Srivastav told Frontline that the AICWF team spoke to the workers who managed to escape. They said workers who were in the “coal bench” area managed to come out but those on the overburden benches could not get out in time. The majority of casualties took place at the overburden bench. Questions as to why the overburden dump was allowed to be taken to such heights or why fault lines were allowed to go undetected or why the overburden was dumped over the edge of the quarry in violation of the safety norms need answers.

“Casualties in underground mining are much higher. It is rare for such accidents to occur in opencast mining. But outsourcing of work has given rise to a steady increase in casualties,” Srivastav said. According to an official estimate, fatalities among contract miners had doubled in recent years.

The accident record of the Rajmahal opencast project is alarming. On September 29, 2001, seven workers died because of the collapse of the haul road. Two years before that, three workers drowned after water inundated the working area. In 2016, three workers were injured following a puncture in the water sump in a deep mining site. It was learnt by the inquiry committee that no regular meetings of safety committees were held and that the area safety and project safety departments were totally defunct. The committee noted that a standing decision to provide slope stability radar at the mine, given its dimensions, was not made available even after the development of a huge vertical crack in the dump. The decision was ignored by the management and the contractor, who apparently wasted precious time measuring the crack.

Coal unions and their federations have often pointed out that accidents occur frequently at overburden dumps in CIL and ECL but there was no separate infrastructure and manpower for disaster management. That was the reason why there was a delay of almost 16 hours before the rescue operation could begin. According to an official note, the National Disaster Response Force (NDRF) was deployed for rescue and relief operations.

Working conditions

Before nationalisation of coal mines in 1972, migrant workers were employed in mines; they were compelled to camp near the site and not allowed to bring their families.
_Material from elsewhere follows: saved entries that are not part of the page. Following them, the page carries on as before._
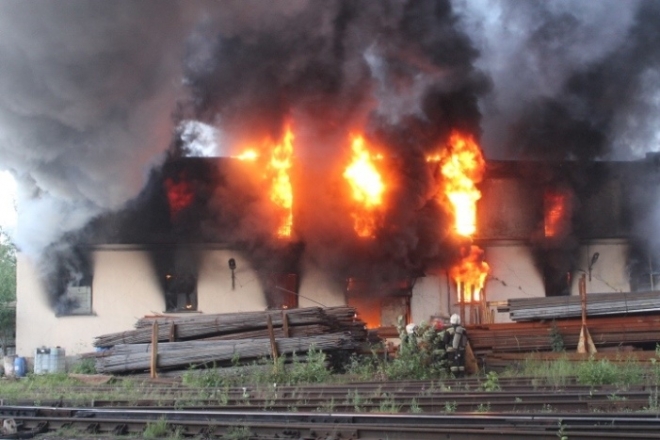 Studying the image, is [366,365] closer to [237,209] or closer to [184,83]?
[237,209]

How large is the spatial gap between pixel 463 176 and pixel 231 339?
9.02 metres

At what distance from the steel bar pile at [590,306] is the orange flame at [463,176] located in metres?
5.00

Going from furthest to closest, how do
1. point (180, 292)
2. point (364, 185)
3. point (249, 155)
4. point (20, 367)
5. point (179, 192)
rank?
point (179, 192) → point (249, 155) → point (180, 292) → point (364, 185) → point (20, 367)

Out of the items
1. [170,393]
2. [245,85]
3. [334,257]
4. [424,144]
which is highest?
[245,85]

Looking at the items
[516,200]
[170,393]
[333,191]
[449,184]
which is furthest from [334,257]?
[170,393]

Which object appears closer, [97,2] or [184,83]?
[97,2]

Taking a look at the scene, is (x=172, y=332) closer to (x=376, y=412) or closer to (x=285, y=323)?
(x=285, y=323)

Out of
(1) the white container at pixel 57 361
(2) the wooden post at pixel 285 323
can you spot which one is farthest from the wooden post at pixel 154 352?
(1) the white container at pixel 57 361

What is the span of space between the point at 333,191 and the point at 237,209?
2803 millimetres

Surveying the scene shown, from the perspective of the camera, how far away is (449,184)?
22078 mm

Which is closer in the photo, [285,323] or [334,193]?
Result: [285,323]

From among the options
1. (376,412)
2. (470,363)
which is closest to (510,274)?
(470,363)

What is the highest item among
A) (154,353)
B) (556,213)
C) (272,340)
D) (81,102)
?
(81,102)

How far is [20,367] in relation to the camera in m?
20.3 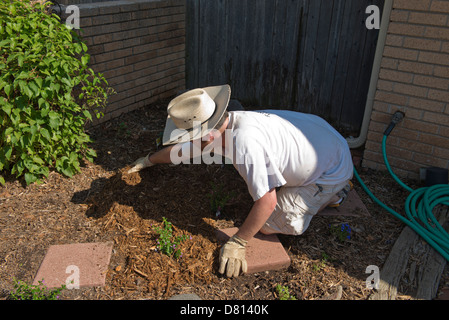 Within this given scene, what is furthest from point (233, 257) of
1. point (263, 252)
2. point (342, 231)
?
point (342, 231)

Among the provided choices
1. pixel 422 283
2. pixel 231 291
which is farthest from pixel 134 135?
pixel 422 283

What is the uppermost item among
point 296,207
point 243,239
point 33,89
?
point 33,89

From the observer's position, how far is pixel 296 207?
338 centimetres

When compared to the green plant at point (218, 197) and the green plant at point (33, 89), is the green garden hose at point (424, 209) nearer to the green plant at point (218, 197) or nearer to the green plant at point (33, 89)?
the green plant at point (218, 197)

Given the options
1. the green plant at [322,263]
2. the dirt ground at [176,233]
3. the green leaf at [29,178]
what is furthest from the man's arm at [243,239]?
the green leaf at [29,178]

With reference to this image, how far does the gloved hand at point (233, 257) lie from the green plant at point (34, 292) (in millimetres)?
1139

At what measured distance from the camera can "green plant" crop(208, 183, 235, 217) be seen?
145 inches

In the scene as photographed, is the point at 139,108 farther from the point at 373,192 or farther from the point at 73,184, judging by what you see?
the point at 373,192

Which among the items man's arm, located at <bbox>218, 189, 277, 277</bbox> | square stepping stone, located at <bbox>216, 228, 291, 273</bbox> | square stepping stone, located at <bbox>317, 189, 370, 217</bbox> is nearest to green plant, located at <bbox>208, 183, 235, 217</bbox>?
square stepping stone, located at <bbox>216, 228, 291, 273</bbox>

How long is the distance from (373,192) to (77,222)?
2929 mm

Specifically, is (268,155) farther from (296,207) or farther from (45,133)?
(45,133)

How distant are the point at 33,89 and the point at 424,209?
3753 millimetres

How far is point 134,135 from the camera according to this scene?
5180mm

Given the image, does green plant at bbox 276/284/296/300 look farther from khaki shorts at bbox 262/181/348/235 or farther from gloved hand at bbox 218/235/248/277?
khaki shorts at bbox 262/181/348/235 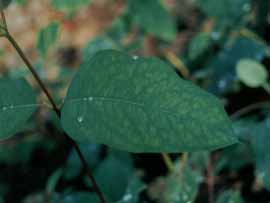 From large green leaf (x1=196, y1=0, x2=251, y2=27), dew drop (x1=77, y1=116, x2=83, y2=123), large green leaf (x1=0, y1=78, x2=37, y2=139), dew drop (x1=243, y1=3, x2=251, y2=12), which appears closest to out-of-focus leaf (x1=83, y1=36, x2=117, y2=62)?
large green leaf (x1=196, y1=0, x2=251, y2=27)

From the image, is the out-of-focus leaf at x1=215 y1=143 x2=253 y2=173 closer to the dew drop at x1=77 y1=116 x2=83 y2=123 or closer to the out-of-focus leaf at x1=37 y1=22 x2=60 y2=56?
the out-of-focus leaf at x1=37 y1=22 x2=60 y2=56

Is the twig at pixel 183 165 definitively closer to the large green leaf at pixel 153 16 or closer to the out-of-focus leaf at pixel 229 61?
the out-of-focus leaf at pixel 229 61

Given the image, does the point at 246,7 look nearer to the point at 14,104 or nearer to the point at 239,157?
the point at 239,157

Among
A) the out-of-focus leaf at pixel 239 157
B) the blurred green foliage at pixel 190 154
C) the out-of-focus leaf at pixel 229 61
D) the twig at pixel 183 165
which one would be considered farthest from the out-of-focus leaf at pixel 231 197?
the out-of-focus leaf at pixel 229 61

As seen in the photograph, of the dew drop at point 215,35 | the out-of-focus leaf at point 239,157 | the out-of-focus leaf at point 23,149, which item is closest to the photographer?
the out-of-focus leaf at point 239,157

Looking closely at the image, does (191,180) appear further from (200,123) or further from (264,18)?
(264,18)

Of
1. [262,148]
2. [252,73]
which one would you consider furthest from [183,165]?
[252,73] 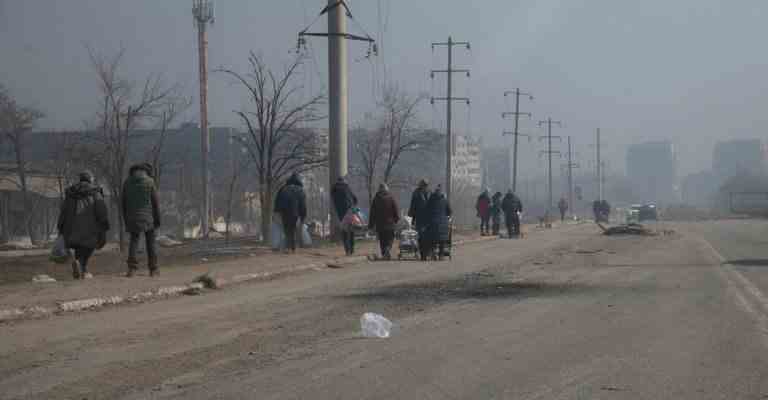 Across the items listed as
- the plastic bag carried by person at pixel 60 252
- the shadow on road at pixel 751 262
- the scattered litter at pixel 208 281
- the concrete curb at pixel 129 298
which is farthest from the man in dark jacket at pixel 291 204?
the shadow on road at pixel 751 262

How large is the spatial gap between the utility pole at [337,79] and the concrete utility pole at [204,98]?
15.8 meters

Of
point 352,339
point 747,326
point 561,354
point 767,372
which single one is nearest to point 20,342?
point 352,339

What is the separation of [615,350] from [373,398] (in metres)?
2.98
More than three decades hence, the situation of miners has not changed much.

Migrant labourers are subjected to very much the same working and living conditions that existed in coal mines before nationalisation. Easy to hire and fire, miners are modern-day slaves; they must continue to work in the face of danger as the incident in the Rajmahal opencast project showed.

“Those workers who survived the accident broke down when they narrated their working conditions. They were threatened with dismissal if they spoke or complained to anyone,” Srivastav said.

The camps where the workers stayed were set up in the mining area and on top of the overburden, which was in danger of collapsing any time. Workmen were debarred from venturing out of the camps and forbidden to mingle with the local people.

There was no system of attendance, and the attendance sheet of that particular day was not available, said Manas Mukherjee, who jointly authored the fact-finding report with Srivastav. The AICWF demanded the same, but it was not made available.

The unions and the AICWF have sought a court inquiry as they want specific recommendations for the safety of workers and to fix accountability on contractors who employ the miners. As principal employers, CIL and ECL, were also liable in this case. The federation has demanded the scrapping of private contracts. It has also demanded a complete stop to outsourcing. The inquiry reports set up by the DGMS and CIL are awaited, but they are unlikely to penalise the contractor.

Jharkhand accounts for some 29 per cent of the coal deposits in India. A mineral-rich State, it is no surprise that it will be hosting the global investors summit. It is doubtful that the summit is going to focus on the mining mishap, but the government cannot afford to turn a blind eye to the disaster at its doorstep.